Vampire State: How much longer can the decaying, bankrupt, cancerous Tory government survive?
By Jeff Goulding on Public Reading Rooms
Difficult to know what’s more absurd, Theresa May’s claim that the Conservatives are for everyone, or that she thinks we’ll fall for it.
So the party conference season is over, and the country could not have a starker choice in terms of the two political paths on offer. On the one hand there is the vision set out by Labour, offering a future built on collective effort securing gains for the individual, the other suggests a continuation of the blitzkrieg on the poor and the vulnerable.
The Tories’ talk of opportunity is simply cover for a programme of enrichment for those already sitting bloated at the top, with the vague promise that some of the fat will trickle down to the rest of us.

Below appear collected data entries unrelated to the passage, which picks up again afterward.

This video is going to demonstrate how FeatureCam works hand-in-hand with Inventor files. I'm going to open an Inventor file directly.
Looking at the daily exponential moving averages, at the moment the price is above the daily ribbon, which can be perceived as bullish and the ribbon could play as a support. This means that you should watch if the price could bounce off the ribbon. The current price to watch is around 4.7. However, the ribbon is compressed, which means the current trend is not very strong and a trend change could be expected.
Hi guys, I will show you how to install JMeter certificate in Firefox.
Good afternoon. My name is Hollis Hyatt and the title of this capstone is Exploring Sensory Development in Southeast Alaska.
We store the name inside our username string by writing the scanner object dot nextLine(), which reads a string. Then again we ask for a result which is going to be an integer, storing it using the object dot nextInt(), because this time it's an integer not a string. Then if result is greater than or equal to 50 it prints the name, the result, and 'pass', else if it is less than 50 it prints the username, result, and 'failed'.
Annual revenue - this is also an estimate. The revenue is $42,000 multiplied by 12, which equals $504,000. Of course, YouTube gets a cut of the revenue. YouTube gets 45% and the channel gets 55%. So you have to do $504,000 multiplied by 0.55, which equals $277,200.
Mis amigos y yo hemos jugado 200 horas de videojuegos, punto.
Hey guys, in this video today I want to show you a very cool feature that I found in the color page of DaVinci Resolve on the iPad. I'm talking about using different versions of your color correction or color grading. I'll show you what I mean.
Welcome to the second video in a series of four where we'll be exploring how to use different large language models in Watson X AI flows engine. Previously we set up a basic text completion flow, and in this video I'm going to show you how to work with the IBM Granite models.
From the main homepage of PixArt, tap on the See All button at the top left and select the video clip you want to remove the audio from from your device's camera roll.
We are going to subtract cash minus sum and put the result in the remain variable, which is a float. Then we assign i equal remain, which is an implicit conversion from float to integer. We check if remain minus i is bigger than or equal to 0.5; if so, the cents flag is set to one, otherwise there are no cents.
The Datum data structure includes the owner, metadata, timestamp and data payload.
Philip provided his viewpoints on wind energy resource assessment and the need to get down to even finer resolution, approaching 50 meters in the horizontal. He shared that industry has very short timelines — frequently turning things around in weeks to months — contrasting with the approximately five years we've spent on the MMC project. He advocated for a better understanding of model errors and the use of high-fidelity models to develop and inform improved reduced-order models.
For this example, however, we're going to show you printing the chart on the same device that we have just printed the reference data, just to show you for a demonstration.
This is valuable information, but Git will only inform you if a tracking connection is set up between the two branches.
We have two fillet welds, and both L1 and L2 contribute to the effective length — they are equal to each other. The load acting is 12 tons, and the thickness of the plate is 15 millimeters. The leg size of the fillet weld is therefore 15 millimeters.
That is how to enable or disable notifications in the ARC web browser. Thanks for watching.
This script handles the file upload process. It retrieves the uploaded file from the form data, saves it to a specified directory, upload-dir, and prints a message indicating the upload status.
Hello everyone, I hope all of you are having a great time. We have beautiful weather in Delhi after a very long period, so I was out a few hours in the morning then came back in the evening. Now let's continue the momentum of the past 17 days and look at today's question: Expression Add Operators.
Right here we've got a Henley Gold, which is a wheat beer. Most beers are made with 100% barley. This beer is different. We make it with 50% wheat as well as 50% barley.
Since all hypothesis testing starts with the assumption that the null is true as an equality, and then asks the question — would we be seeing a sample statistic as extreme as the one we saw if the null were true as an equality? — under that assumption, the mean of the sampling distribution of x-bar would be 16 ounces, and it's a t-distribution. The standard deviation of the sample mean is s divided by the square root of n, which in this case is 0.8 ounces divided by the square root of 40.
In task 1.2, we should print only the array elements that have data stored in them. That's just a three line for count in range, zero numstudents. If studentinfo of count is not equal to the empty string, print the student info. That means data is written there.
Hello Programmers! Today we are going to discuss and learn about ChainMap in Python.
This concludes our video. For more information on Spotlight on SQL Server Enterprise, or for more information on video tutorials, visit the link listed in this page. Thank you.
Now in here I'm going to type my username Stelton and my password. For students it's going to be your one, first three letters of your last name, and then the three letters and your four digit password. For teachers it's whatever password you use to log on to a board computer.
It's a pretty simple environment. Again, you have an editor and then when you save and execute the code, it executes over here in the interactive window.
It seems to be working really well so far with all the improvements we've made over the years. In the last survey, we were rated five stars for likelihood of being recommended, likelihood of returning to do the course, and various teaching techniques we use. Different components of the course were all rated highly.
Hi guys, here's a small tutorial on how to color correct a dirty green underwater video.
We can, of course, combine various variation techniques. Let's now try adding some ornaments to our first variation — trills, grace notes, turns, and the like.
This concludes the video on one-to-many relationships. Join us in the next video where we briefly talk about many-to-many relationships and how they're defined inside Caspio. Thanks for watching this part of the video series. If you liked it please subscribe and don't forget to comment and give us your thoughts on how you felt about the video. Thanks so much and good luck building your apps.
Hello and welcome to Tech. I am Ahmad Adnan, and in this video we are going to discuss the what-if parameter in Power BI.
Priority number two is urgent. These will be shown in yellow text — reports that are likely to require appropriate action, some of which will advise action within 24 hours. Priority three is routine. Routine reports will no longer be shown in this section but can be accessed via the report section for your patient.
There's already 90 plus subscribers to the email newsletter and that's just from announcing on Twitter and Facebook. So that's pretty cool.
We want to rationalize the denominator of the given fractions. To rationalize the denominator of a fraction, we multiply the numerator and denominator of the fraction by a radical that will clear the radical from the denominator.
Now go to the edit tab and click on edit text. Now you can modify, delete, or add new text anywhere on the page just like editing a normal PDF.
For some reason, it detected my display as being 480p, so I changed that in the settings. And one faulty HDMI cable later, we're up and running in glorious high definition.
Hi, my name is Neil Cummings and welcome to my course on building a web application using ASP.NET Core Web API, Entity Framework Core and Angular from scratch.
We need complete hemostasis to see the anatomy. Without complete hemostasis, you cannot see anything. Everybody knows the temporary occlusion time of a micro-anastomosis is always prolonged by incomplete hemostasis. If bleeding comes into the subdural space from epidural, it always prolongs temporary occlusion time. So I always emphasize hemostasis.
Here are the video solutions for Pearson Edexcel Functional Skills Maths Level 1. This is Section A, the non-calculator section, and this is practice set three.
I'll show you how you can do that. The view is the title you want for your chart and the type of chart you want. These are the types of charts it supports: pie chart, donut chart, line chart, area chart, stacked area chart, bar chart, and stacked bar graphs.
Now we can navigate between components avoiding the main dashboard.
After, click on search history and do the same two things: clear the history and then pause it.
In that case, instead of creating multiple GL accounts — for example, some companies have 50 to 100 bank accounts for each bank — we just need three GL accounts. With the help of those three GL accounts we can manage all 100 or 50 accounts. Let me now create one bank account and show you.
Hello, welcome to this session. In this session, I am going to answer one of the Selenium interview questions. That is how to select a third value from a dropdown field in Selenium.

It’s a lie, has always been a lie, and always will be.
What opportunities are there, if you’re born into a deprived area, save for the chance to leave this world several years earlier than someone born in a more affluent region? Children born in Britain today face a postcode lottery of life expectancy. But, it gets worse. For the first time since the war, average life expectancy has stalled in England and in Scotland and Wales, it has actually fallen.
Experts are agreed that this is a consequence of the grim barbarism of austerity and a sanctions culture that devalues life and people. However, it’s not the well-off being robbed of their retirement years. It’s not their children having precious memories with parents and grandparents snatched from their grasp; it’s the poorest and weakest among us.
Meanwhile, Theresa May dances.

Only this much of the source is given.